Cajun Country Foodie Post

I was invited to spend Labor Day weekend with NOLAnotes and BSIComics at a friend’s camp in Intracoastal City, La. It’s pretty much directly south of Lafayette near ((but not on) the Gulf. The nearest towns are Abbeville, Erath and Delcambre, all pretty much Cajun fishing communities that have served to support the offshore oil industry for generati0ns now. There’s a canal in back where we’re trying to catch crabs and fish but the gators keep messing with us.

We took a side trip to Avery Island, home of the Tabasco sauce factory and other attractions. I remember visiting it as a kid, driving around the pretty island, seeing the sites, and touring the factory. I remembered a warehouse full of oak mixing tanks 2o feet tall and stacks of oak casks aging the fermenting pepper mash, which, after 3 years, will be mixed with vinegar to form the sauce that is eventually bottled and sold throughout the world.

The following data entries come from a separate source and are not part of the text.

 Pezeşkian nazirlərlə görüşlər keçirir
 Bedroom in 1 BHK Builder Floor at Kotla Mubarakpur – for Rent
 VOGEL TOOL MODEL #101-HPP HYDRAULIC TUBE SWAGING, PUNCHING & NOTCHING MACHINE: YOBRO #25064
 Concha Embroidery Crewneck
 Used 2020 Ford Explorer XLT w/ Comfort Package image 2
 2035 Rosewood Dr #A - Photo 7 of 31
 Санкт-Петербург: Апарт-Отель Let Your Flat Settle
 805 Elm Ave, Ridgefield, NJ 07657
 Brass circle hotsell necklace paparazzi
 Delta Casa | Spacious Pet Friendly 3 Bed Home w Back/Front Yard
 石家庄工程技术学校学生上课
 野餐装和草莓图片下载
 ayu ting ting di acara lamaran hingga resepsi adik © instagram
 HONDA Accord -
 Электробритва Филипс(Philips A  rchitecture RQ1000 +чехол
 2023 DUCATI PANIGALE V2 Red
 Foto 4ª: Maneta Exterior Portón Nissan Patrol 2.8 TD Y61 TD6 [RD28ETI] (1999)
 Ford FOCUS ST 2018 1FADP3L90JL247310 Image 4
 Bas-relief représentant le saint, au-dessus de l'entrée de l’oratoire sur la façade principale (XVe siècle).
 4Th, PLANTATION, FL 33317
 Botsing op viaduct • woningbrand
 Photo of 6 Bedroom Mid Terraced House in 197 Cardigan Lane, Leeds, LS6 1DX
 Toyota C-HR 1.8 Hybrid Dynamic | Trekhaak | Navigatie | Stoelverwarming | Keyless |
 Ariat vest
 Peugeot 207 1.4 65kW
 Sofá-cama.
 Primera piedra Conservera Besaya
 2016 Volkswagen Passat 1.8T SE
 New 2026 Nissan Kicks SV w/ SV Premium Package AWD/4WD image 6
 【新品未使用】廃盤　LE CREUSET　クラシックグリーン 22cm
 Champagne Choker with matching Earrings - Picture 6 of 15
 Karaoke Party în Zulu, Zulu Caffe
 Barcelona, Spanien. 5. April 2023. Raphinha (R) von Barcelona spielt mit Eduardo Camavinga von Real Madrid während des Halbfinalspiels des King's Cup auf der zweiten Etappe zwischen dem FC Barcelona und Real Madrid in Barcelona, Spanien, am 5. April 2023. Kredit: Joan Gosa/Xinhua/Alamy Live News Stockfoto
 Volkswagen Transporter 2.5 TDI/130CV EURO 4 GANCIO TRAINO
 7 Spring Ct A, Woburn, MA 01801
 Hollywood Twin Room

To this day I remeber the aroma of fermenting peppers that hit you in the face as soon as we got out of the car at the factory.

Unfortunately, that version of Avery Island no longer exists. There is no driving around the island any more. You are directed straight to a “country store” where all manner of Tabasco brand regalia is offered for sale. We took the tour of the new factory, built after my childhood visit sometime in the 1970s. Alas, you’re not allowed in the aging facility, but herded straight into a small auditorium for a 10-minute film hosted by TV’s Susan Roesgen. They do show all these things you can’t see in person in the film, but it’s not the same experience at all. Directly afterwards, you are herded past the bottling facility; sterile, idle, and uninteresting the day we toured.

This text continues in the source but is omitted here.